### ACTION ITEM
Up to and including the line with "Pankreas Ameliyatı", reproduce the listing below exactly, beginning at its first line.

==========

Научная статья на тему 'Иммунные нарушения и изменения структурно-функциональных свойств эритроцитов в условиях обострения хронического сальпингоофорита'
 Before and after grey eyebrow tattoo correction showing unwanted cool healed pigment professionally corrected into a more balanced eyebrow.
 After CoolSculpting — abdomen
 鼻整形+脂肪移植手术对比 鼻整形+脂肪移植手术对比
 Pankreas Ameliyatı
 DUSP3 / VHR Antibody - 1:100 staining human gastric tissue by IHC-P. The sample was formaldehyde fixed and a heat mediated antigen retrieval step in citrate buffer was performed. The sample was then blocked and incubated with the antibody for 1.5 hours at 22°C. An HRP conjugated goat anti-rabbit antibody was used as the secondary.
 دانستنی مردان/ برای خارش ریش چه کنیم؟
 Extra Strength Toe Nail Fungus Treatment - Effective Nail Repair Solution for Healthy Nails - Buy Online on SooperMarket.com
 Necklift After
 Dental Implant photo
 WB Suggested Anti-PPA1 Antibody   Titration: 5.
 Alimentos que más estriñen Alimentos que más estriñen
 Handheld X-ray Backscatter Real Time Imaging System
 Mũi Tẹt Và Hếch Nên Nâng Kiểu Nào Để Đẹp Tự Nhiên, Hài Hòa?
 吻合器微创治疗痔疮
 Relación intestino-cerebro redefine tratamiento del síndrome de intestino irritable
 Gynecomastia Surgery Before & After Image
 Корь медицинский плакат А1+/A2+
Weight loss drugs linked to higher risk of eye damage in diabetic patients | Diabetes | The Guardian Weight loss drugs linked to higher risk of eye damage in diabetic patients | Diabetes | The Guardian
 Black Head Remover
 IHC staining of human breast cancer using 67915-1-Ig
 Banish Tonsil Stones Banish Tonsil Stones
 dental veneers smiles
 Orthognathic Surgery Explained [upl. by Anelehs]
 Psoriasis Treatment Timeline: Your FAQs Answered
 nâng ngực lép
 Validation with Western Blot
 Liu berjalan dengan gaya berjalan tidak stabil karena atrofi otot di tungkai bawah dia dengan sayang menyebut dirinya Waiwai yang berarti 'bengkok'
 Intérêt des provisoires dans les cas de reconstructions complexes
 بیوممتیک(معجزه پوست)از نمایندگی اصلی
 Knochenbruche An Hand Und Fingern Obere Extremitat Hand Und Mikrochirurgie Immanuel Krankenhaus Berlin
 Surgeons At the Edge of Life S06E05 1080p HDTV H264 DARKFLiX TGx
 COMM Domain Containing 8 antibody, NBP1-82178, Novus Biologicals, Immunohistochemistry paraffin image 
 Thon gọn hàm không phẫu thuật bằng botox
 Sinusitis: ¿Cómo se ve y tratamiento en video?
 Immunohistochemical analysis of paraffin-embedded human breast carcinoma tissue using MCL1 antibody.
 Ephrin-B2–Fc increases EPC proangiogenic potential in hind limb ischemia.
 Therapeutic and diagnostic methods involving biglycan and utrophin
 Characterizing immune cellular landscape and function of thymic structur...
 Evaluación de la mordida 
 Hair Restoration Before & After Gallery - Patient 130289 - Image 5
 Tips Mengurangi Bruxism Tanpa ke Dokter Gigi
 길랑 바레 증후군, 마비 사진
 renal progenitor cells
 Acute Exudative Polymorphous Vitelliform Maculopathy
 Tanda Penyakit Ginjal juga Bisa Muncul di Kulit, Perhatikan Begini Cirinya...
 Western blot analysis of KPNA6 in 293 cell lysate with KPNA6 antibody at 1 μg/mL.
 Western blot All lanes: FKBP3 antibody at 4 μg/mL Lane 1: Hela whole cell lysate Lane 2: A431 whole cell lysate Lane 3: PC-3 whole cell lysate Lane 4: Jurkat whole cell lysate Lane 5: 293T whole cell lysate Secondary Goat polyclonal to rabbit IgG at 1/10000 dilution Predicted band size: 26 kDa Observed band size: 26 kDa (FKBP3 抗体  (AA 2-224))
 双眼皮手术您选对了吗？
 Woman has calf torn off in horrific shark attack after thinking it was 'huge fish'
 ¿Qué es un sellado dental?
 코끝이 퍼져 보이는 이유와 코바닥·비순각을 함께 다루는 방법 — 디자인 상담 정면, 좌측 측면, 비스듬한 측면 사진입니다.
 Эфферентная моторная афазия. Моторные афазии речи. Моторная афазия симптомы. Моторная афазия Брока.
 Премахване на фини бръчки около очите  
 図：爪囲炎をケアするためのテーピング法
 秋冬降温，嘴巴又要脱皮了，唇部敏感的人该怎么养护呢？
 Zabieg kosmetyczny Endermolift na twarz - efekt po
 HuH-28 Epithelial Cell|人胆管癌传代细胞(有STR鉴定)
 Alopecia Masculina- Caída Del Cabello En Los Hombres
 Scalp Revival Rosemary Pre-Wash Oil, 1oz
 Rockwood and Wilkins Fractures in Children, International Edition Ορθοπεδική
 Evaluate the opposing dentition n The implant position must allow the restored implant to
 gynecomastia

==========

### RESULT
Научная статья на тему 'Иммунные нарушения и изменения структурно-функциональных свойств эритроцитов в условиях обострения хронического сальпингоофорита'
 Before and after grey eyebrow tattoo correction showing unwanted cool healed pigment professionally corrected into a more balanced eyebrow.
 After CoolSculpting — abdomen
 鼻整形+脂肪移植手术对比 鼻整形+脂肪移植手术对比
 Pankreas Ameliyatı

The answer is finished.